=== The task ===
Apart from the pictures, every entry should be reproduced exactly.

=== Input data ===
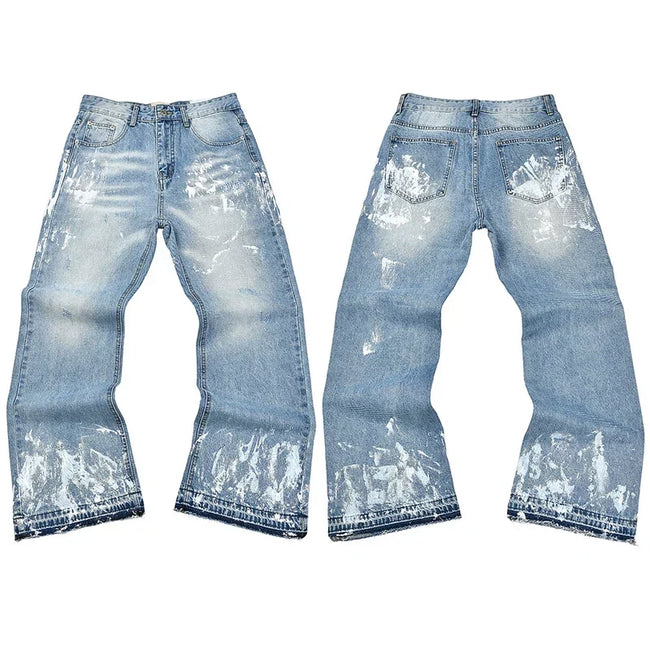 Gallery Dept. Heavy Brushstroke Paint Splatter Light Wash Denim Jeans Hover Image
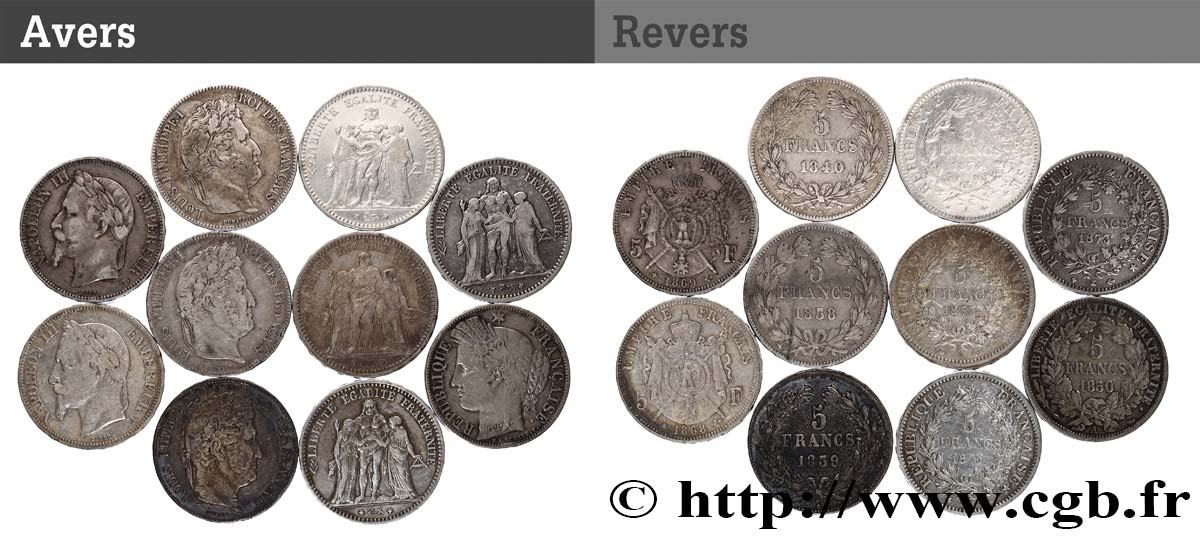 Lot de dix écus de 5 francs n.d.  F.-/ VF 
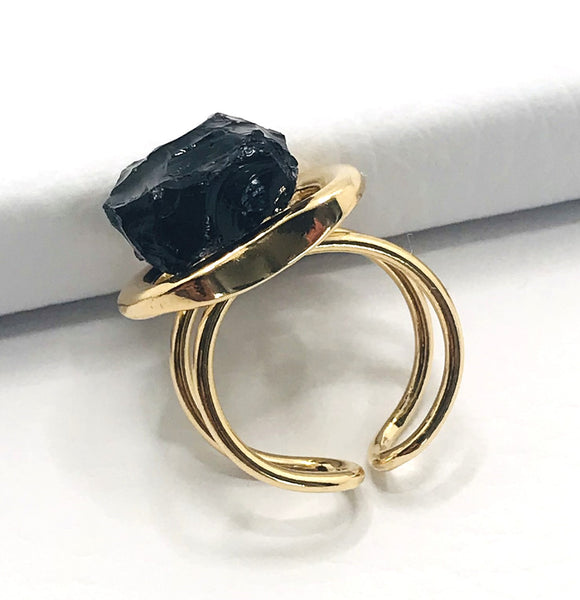 Raw Gem Ring - Black Obsidian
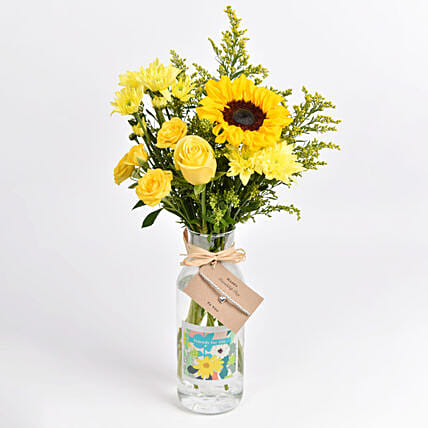 Friends For Life Flower and Friendship Band: Yellow Rose Bouquets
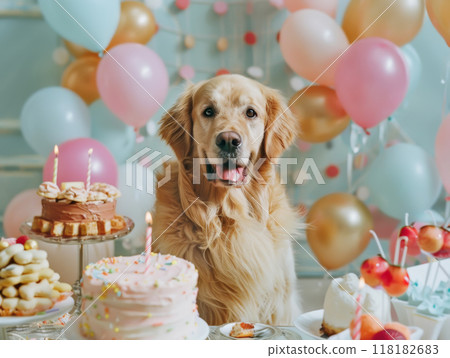 Golden Retriever at a Festive Dog Birthday Party Golden Retriever at a Festive Dog Birthday Party 118182683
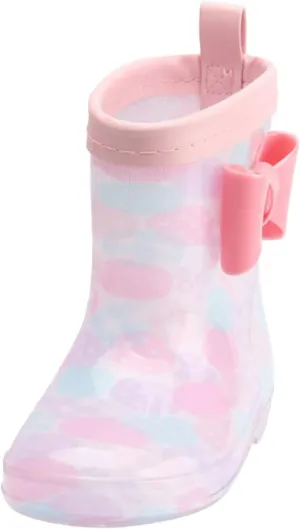 Toddler Kids Rain Boots Short Cute Rainbow Bow Rain Boots Baby Easy On Lightweight Fashion Casual Rain Boots
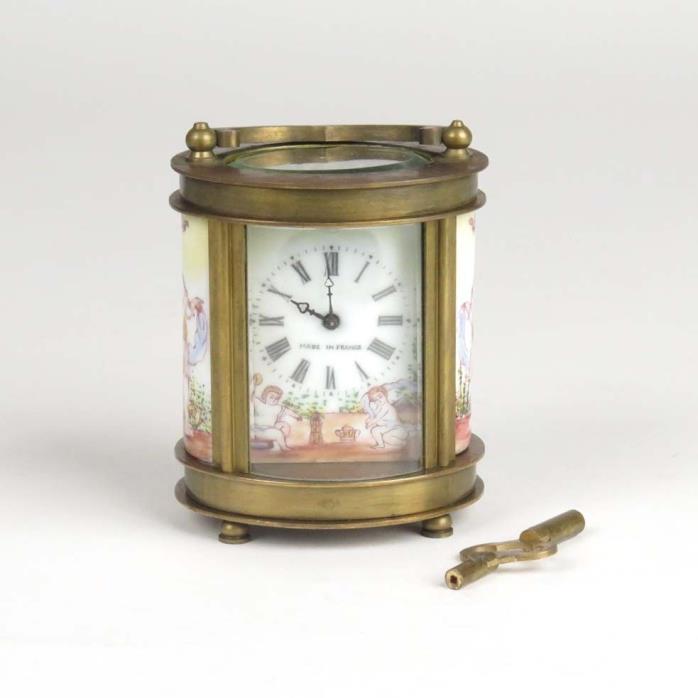 Antique French carriage clock brass miniature painted porcelain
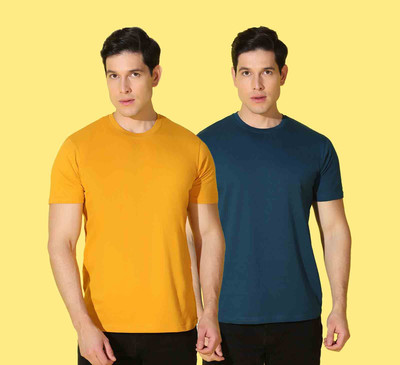WOOSTRO Solid Men Round Neck Yellow, Blue T-Shirt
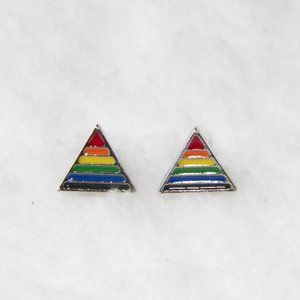Gay Pride Rainbow Pyramid Post Earrings LGBTQ+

=== Task answer ===
 Gallery Dept. Heavy Brushstroke Paint Splatter Light Wash Denim Jeans Hover Image
 Lot de dix écus de 5 francs n.d.  F.-/ VF 
 Raw Gem Ring - Black Obsidian
 Friends For Life Flower and Friendship Band: Yellow Rose Bouquets
 Golden Retriever at a Festive Dog Birthday Party Golden Retriever at a Festive Dog Birthday Party 118182683
 Toddler Kids Rain Boots Short Cute Rainbow Bow Rain Boots Baby Easy On Lightweight Fashion Casual Rain Boots
 Antique French carriage clock brass miniature painted porcelain
WOOSTRO Solid Men Round Neck Yellow, Blue T-Shirt
Gay Pride Rainbow Pyramid Post Earrings LGBTQ+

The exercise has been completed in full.